WHAT IS REQUIRED:
Only an exact, line-for-line copy of the data will serve as the answer.

[Dataset items]

++++++++++

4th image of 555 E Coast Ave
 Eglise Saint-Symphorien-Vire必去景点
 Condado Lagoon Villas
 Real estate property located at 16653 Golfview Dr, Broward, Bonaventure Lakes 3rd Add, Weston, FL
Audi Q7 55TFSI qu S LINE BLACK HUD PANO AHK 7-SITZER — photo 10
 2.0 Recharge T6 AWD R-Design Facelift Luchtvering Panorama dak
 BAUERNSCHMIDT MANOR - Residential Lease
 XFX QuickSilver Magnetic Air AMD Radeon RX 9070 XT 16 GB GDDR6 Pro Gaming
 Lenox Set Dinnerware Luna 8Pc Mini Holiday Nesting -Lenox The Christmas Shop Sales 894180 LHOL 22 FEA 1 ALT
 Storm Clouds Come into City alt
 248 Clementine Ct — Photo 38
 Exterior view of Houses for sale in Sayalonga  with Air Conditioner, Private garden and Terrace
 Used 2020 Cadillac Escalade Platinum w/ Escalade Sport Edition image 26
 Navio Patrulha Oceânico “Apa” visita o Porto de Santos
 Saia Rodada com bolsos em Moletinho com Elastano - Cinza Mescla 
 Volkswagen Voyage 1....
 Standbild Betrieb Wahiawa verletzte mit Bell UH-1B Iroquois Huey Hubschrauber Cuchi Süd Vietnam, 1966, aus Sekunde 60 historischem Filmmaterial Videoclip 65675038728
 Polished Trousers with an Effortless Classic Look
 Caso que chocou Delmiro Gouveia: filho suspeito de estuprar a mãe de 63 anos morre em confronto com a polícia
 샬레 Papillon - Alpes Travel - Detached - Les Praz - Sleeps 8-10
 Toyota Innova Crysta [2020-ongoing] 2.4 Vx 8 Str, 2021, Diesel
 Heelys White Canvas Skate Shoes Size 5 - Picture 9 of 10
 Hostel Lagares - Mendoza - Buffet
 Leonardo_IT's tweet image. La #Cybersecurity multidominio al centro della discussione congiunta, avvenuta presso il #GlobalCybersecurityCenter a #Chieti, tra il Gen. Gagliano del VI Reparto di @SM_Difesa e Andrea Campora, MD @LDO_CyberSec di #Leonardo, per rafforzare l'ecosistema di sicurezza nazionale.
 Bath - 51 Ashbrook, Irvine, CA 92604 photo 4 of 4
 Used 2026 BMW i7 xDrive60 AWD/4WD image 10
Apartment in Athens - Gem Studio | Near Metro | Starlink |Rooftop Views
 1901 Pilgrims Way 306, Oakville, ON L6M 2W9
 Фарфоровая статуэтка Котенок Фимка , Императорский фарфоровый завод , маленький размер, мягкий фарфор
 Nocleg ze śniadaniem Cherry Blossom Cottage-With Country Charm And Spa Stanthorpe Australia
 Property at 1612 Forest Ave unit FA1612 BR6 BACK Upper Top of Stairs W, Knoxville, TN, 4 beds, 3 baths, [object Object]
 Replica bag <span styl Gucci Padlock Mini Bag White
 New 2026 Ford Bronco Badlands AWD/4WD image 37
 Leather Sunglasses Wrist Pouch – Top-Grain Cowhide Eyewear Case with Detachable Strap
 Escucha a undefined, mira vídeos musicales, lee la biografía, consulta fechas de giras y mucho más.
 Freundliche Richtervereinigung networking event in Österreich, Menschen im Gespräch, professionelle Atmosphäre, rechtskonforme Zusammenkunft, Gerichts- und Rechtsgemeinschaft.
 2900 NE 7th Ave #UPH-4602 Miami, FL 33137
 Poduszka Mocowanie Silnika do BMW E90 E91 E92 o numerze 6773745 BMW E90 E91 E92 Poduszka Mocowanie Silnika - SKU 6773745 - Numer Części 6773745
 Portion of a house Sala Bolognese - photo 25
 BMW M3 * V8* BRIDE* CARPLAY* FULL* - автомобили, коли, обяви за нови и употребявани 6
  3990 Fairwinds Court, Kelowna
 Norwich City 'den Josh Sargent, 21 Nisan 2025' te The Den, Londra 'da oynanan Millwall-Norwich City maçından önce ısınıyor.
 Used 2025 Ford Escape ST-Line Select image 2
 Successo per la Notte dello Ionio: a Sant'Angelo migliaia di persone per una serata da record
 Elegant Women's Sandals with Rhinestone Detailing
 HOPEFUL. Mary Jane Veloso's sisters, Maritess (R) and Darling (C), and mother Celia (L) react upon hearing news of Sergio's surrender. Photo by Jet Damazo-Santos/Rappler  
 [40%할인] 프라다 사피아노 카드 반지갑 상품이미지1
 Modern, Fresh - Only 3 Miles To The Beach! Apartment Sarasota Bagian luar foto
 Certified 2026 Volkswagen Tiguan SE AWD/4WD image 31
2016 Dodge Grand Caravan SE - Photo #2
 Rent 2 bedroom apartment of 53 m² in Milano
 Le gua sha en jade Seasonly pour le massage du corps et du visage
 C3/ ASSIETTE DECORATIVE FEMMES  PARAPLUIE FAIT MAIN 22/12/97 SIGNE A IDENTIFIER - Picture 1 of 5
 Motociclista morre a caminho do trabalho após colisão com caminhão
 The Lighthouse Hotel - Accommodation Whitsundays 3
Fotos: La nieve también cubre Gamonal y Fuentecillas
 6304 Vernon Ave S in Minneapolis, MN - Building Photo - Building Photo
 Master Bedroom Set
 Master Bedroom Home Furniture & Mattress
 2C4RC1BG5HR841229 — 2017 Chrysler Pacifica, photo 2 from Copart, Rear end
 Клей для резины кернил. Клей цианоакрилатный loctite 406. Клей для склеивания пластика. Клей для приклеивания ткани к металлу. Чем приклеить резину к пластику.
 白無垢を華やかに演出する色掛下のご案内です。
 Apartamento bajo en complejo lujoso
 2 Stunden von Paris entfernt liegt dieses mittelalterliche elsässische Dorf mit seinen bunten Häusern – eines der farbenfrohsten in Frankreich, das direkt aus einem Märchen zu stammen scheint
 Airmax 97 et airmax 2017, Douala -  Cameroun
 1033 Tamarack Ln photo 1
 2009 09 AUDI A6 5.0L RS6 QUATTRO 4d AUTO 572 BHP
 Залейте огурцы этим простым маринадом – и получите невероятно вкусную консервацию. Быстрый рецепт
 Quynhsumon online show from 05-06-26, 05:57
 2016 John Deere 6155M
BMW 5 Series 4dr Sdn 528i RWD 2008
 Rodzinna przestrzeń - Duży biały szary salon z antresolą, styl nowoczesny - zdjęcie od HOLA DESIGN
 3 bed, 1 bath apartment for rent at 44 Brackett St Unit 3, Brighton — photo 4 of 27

++++++++++

ANSWER TO THE EXERCISE:
4th image of 555 E Coast Ave
 Eglise Saint-Symphorien-Vire必去景点
 Condado Lagoon Villas
 Real estate property located at 16653 Golfview Dr, Broward, Bonaventure Lakes 3rd Add, Weston, FL
Audi Q7 55TFSI qu S LINE BLACK HUD PANO AHK 7-SITZER — photo 10
 2.0 Recharge T6 AWD R-Design Facelift Luchtvering Panorama dak
 BAUERNSCHMIDT MANOR - Residential Lease
 XFX QuickSilver Magnetic Air AMD Radeon RX 9070 XT 16 GB GDDR6 Pro Gaming
 Lenox Set Dinnerware Luna 8Pc Mini Holiday Nesting -Lenox The Christmas Shop Sales 894180 LHOL 22 FEA 1 ALT
 Storm Clouds Come into City alt
 248 Clementine Ct — Photo 38
 Exterior view of Houses for sale in Sayalonga  with Air Conditioner, Private garden and Terrace
 Used 2020 Cadillac Escalade Platinum w/ Escalade Sport Edition image 26
 Navio Patrulha Oceânico “Apa” visita o Porto de Santos
 Saia Rodada com bolsos em Moletinho com Elastano - Cinza Mescla 
 Volkswagen Voyage 1....
 Standbild Betrieb Wahiawa verletzte mit Bell UH-1B Iroquois Huey Hubschrauber Cuchi Süd Vietnam, 1966, aus Sekunde 60 historischem Filmmaterial Videoclip 65675038728
 Polished Trousers with an Effortless Classic Look
 Caso que chocou Delmiro Gouveia: filho suspeito de estuprar a mãe de 63 anos morre em confronto com a polícia
 샬레 Papillon - Alpes Travel - Detached - Les Praz - Sleeps 8-10
 Toyota Innova Crysta [2020-ongoing] 2.4 Vx 8 Str, 2021, Diesel
 Heelys White Canvas Skate Shoes Size 5 - Picture 9 of 10
 Hostel Lagares - Mendoza - Buffet
 Leonardo_IT's tweet image. La #Cybersecurity multidominio al centro della discussione congiunta, avvenuta presso il #GlobalCybersecurityCenter a #Chieti, tra il Gen. Gagliano del VI Reparto di @SM_Difesa e Andrea Campora, MD @LDO_CyberSec di #Leonardo, per rafforzare l'ecosistema di sicurezza nazionale.
 Bath - 51 Ashbrook, Irvine, CA 92604 photo 4 of 4
 Used 2026 BMW i7 xDrive60 AWD/4WD image 10
Apartment in Athens - Gem Studio | Near Metro | Starlink |Rooftop Views
 1901 Pilgrims Way 306, Oakville, ON L6M 2W9
 Фарфоровая статуэтка Котенок Фимка , Императорский фарфоровый завод , маленький размер, мягкий фарфор
 Nocleg ze śniadaniem Cherry Blossom Cottage-With Country Charm And Spa Stanthorpe Australia
 Property at 1612 Forest Ave unit FA1612 BR6 BACK Upper Top of Stairs W, Knoxville, TN, 4 beds, 3 baths, [object Object]
 Replica bag <span styl Gucci Padlock Mini Bag White
 New 2026 Ford Bronco Badlands AWD/4WD image 37
 Leather Sunglasses Wrist Pouch – Top-Grain Cowhide Eyewear Case with Detachable Strap
 Escucha a undefined, mira vídeos musicales, lee la biografía, consulta fechas de giras y mucho más.
 Freundliche Richtervereinigung networking event in Österreich, Menschen im Gespräch, professionelle Atmosphäre, rechtskonforme Zusammenkunft, Gerichts- und Rechtsgemeinschaft.
 2900 NE 7th Ave #UPH-4602 Miami, FL 33137
 Poduszka Mocowanie Silnika do BMW E90 E91 E92 o numerze 6773745 BMW E90 E91 E92 Poduszka Mocowanie Silnika - SKU 6773745 - Numer Części 6773745
 Portion of a house Sala Bolognese - photo 25
 BMW M3 * V8* BRIDE* CARPLAY* FULL* - автомобили, коли, обяви за нови и употребявани 6
  3990 Fairwinds Court, Kelowna
 Norwich City 'den Josh Sargent, 21 Nisan 2025' te The Den, Londra 'da oynanan Millwall-Norwich City maçından önce ısınıyor.
 Used 2025 Ford Escape ST-Line Select image 2
 Successo per la Notte dello Ionio: a Sant'Angelo migliaia di persone per una serata da record
 Elegant Women's Sandals with Rhinestone Detailing
 HOPEFUL. Mary Jane Veloso's sisters, Maritess (R) and Darling (C), and mother Celia (L) react upon hearing news of Sergio's surrender. Photo by Jet Damazo-Santos/Rappler  
 [40%할인] 프라다 사피아노 카드 반지갑 상품이미지1
 Modern, Fresh - Only 3 Miles To The Beach! Apartment Sarasota Bagian luar foto
 Certified 2026 Volkswagen Tiguan SE AWD/4WD image 31
2016 Dodge Grand Caravan SE - Photo #2
 Rent 2 bedroom apartment of 53 m² in Milano
 Le gua sha en jade Seasonly pour le massage du corps et du visage
 C3/ ASSIETTE DECORATIVE FEMMES  PARAPLUIE FAIT MAIN 22/12/97 SIGNE A IDENTIFIER - Picture 1 of 5
 Motociclista morre a caminho do trabalho após colisão com caminhão
 The Lighthouse Hotel - Accommodation Whitsundays 3
Fotos: La nieve también cubre Gamonal y Fuentecillas
 6304 Vernon Ave S in Minneapolis, MN - Building Photo - Building Photo
 Master Bedroom Set
 Master Bedroom Home Furniture & Mattress
 2C4RC1BG5HR841229 — 2017 Chrysler Pacifica, photo 2 from Copart, Rear end
 Клей для резины кернил. Клей цианоакрилатный loctite 406. Клей для склеивания пластика. Клей для приклеивания ткани к металлу. Чем приклеить резину к пластику.
 白無垢を華やかに演出する色掛下のご案内です。
 Apartamento bajo en complejo lujoso
 2 Stunden von Paris entfernt liegt dieses mittelalterliche elsässische Dorf mit seinen bunten Häusern – eines der farbenfrohsten in Frankreich, das direkt aus einem Märchen zu stammen scheint
 Airmax 97 et airmax 2017, Douala -  Cameroun
 1033 Tamarack Ln photo 1
 2009 09 AUDI A6 5.0L RS6 QUATTRO 4d AUTO 572 BHP
 Залейте огурцы этим простым маринадом – и получите невероятно вкусную консервацию. Быстрый рецепт
 Quynhsumon online show from 05-06-26, 05:57
 2016 John Deere 6155M
BMW 5 Series 4dr Sdn 528i RWD 2008
 Rodzinna przestrzeń - Duży biały szary salon z antresolą, styl nowoczesny - zdjęcie od HOLA DESIGN
 3 bed, 1 bath apartment for rent at 44 Brackett St Unit 3, Brighton — photo 4 of 27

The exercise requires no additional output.